Water and sanitation
Earlier in her career as an academic and researcher, Dr. Vibha Tripathi always aspired to work on a topic with immediate relevance to the people of India. Her aim was a simple one: “Using technology to support people.”
Today, Swajal Water machines are already to be found in all four corners of the country and all the major cities, with some 500 – 600 touch points providing clean water to countless Indians. “If you look at the population pyramid of India,” explains Dr. Tripathi, “it can be divided into those who can afford clean drinking water, and those who can’t.”
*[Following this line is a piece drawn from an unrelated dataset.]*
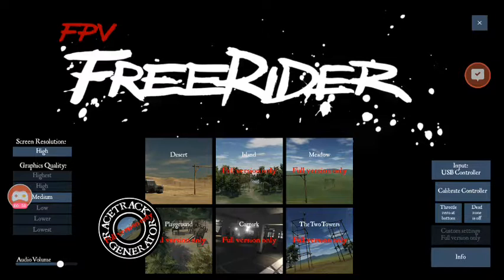Hi, I'm going to talk about the FreeRider app, which is an Android version of the FPV drone simulator, and you can get that from the Google Play Store.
While access to water is clearly the most pressing issue, litter stems directly from the usage of plastic water bottles too, so Swajal focuses on both segments: those without access to water get it, and those with access are encouraged to reduce bottle usage, with Swajal having save at least 25,000kg of plastic bottles already to date by distributing their own glass alternatives.
At the heart of Swajal Water’s business is its Water ATM ®, an innovative solar-powered water purification and distribution machine able to produce drinking-safe water at extremely low costs (circa $0.01 per litre). Powered by photovoltaic solar cells, the machines pump water from nearby sources such as wells or groundwater, purifying by use of UV light or ozone.
These drinking water machines also function in a decentralized manner, making use of IoT-based monitoring and a myriad of equitable digital payment methods to make Swajal’s Water ATM ® machines as economically and geographically viable in the most remote village as any thriving heavy-footfall street corner or bustling train station.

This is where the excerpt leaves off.